I've always been a fan of fixed, 3 blade heads, but I've recently been debating on getting mechanical heads for this year. After much searching, I decided to buy NAP's Bloodrunner heads (3 blade). They seem to be the best of both worlds. I don't have to give up the powerful impact of the fixed blade heads, but I get a bigger cutting diamter...or so thats my thinking.

Anyone have any success stories to share, or bad stories I need to be aware of with these heads? Thanks, as always.


----------



## bikingdan

I used NAP 2blade bloodrunner broadheads last year , I shot a 8 point at 30 yards quartering away looked like a pretty good hit but I stil lgave him a hour before getting out of my stand. I found a meager blood trail and followed it for appoximately 300 yds before finding my deer. I found the deer -had a sufficient blood trail but not a tremendous one.My shot angled forward from about the last rib on entry side to the opposite shoulder with no exit. All in all I need to make another kill with them to recommend or not but a recovery goes a long way.This was a big bodied deer field dressing 180 lbs certified scales and the broadhead was in great shape upon recovery.


----------



## Kitz

Just wanted to follow up on this. So I used the Bloodrunners this season. As a result, I just wrote this review on Cabelas website:

I started shooting my field tips about 4 months prior to the 2011 whitetail season, and was dialed in out to 50 yards. I was easily hitting tennis ball sized groupings from 30 yards, and even tighter groups from 20 and in. I say all that to say I was shooting well on the practice range. I've always used fixed blades prior to this year, but decided to try the bloodrunners hoping they would be the best of both worlds (mechanical and fixed blade). Boy was I wrong! I missed my first 4 shots on deer in 2011, all from 25 yards or closer, and made a good hit on my 5th opportunity. I never found that deer, as the blood trail was nearly non-existent. I'll never use these again, and I'll stick to fixed blades from here on out. I don't recommend these heads, and frankly, think their use is unethical. We (hunters, especially archery hunters in my opinion) pride ourselves on making good, clean shots on animals. This head doesn't promote accuracy or recovery.

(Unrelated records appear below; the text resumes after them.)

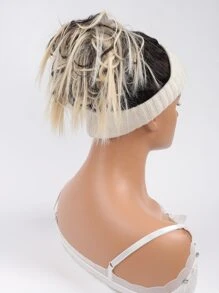 Short Curly Synthetic Hair Updo - Multicolor - View 1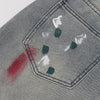 Paint Splatter Distressed Wide Leg Denim
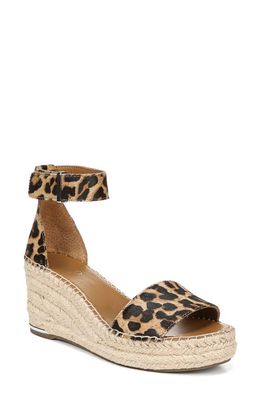 Franco Sarto Clemens Espadrille Wedge Sandal in Tan Black Calf Hair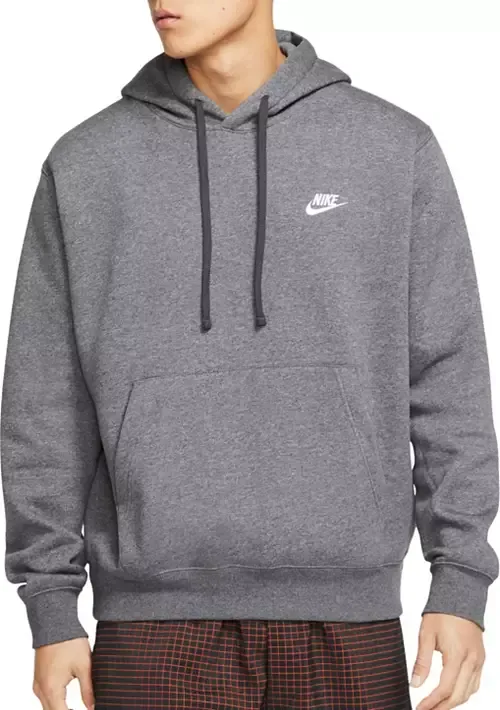 Nike Men's Dark Gray Sportswear Club Fleece Hoodie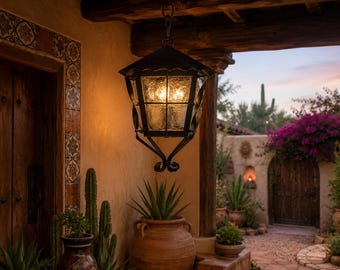Handmade Rustic Mexican Iron Hanging Lantern | 17" Black Outdoor Pendant Light | Spanish Hacienda Entry Light Fixture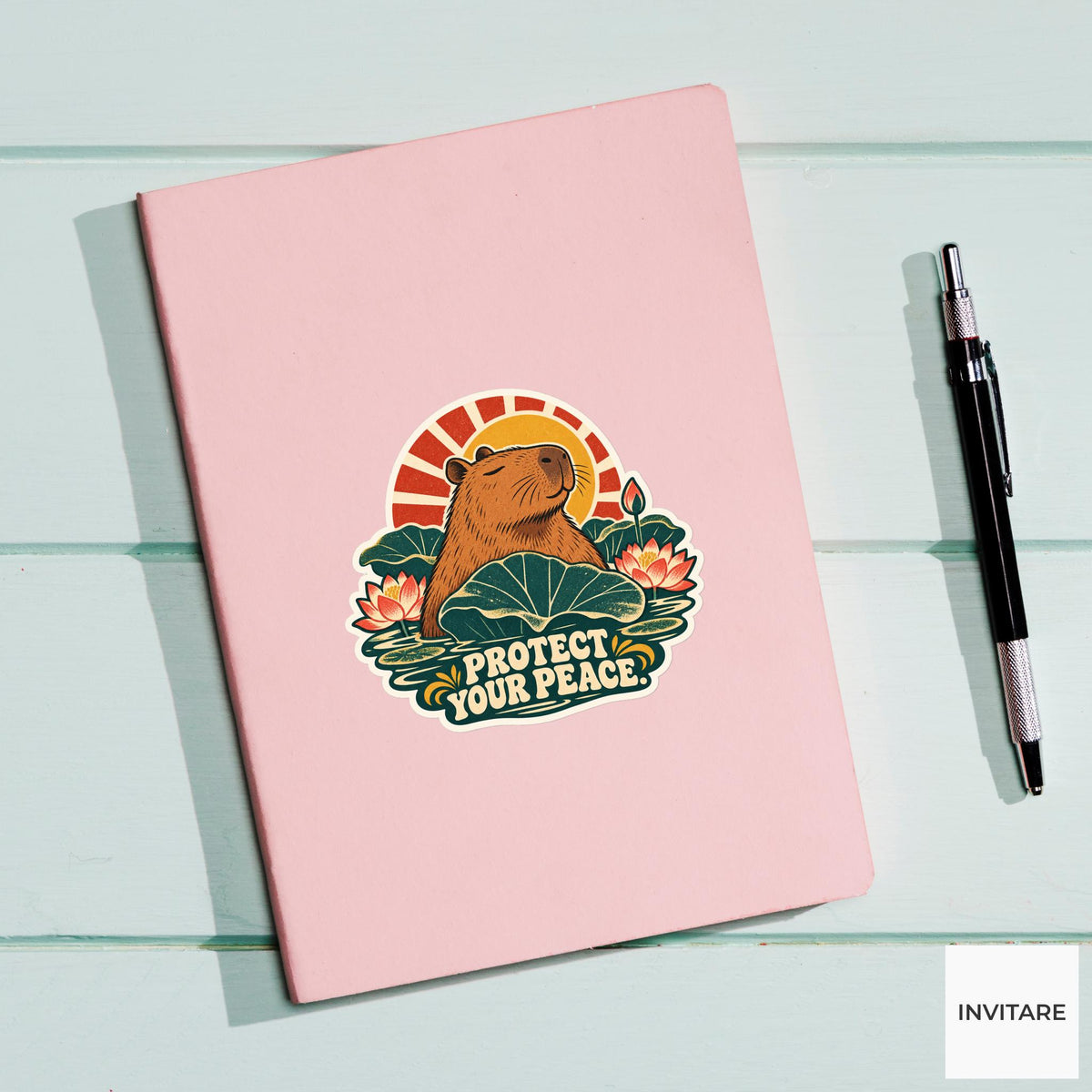 Calm Capybara Vinyl Sticker, Funny Retro Poster for Journals and Laptops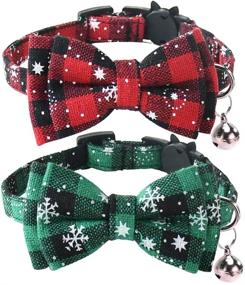 img 4 attached to Malier Christmas Snowflake Cat Collar: Adorable Pet Accessory with Bow Tie, Bell, and Adjustable Buckle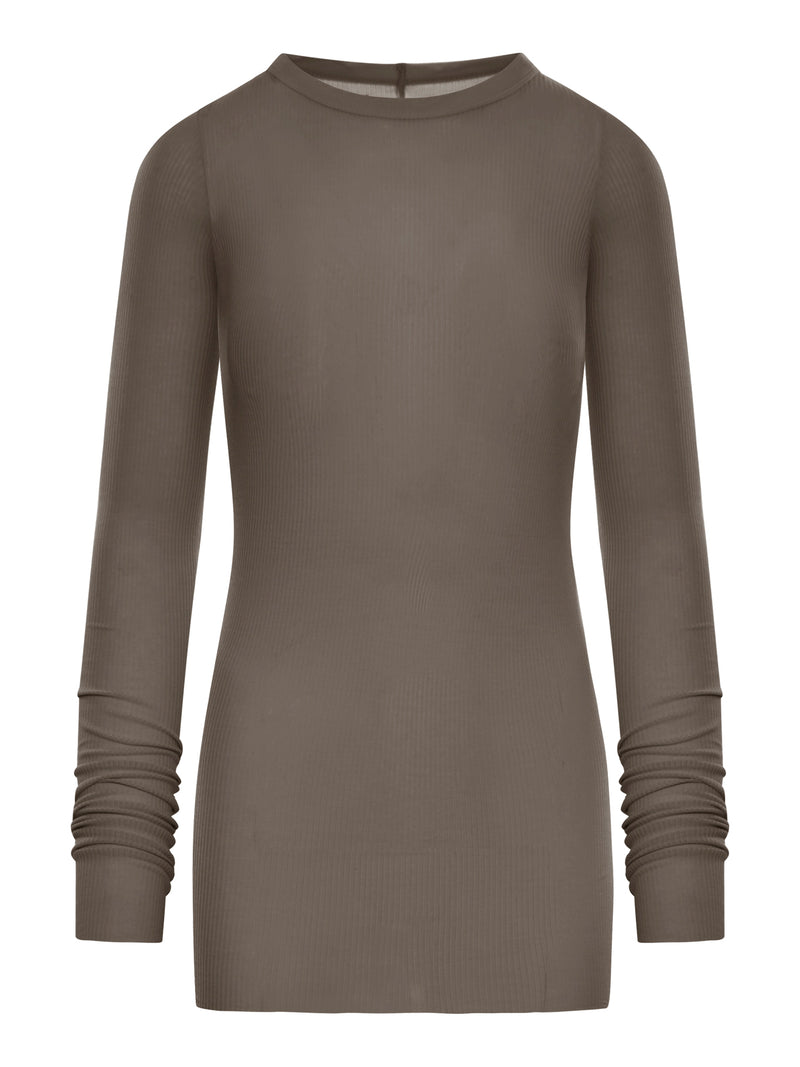 SEMI-TRANSPARENT FABRIC RIBBED SWEATER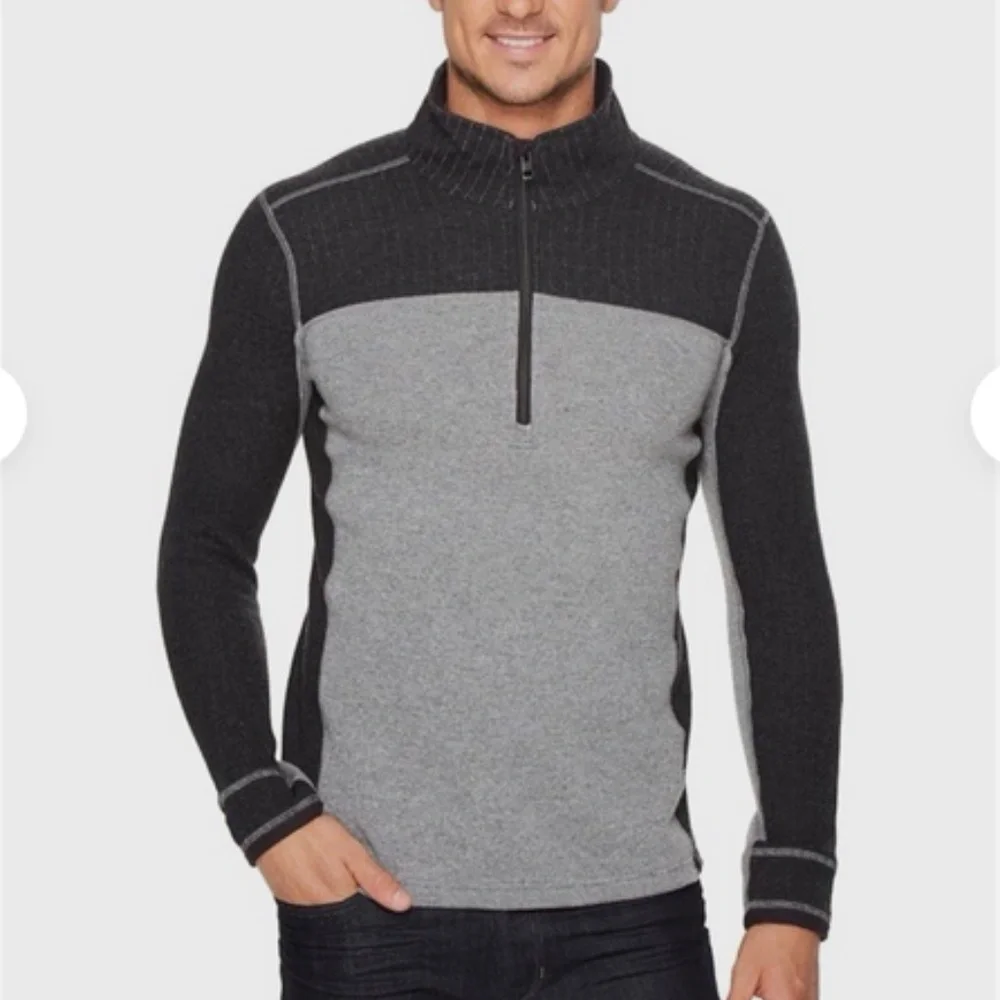 Prana Men's Gravel Gray‎ Wentworth Quarter Zip Wool Sweater Size M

What a shame.

I think that spells out my opinion on them pretty clearly.


----------



## duckp

So,are you saying you started hunting with broadheads you had never shot before?


----------



## Kitz

Ahhh, I see how it reads that way. No, I shot them on the range too.


----------



## duckp

And they shot great on the range but you missed 4 critters under 25 yds?So you missed 4 chip shots,made a 'hit',had a 'poor' bloodtrail and now it's 'unethical' to use these?
Based on what?


----------



## Kitz

Good question.

The four misses are on me. I don't say that in my initial posts, or even hint at it...but I should have.

I based my post on the poor blood trail, and my high expecatation of the heads. I've never made a shoulder shot like that with a fixed blade, and seen such a poor trail. I was completely disppointed with their perfomance.

Perhaps I didn't give them a fair shake. Perhaps I didn't shoot them enough at the range, which resulted in my misses. Maybe I just got too excited....which I still tend to do. But when I make a good shot with a head I expect will produce a great trail, and not only don't see a blood trail, but don't recover the animal either, I tend to have an opinion. As you point out, maybe unethical was a little strong. How about I just leave it at "not recommended."


----------



## duckp

Sure fine with me.I don't use them either but know a very good hunter that does and likes them.I just felt it was unfair to a very good company that has an extensive line of good products.Good hunting.


----------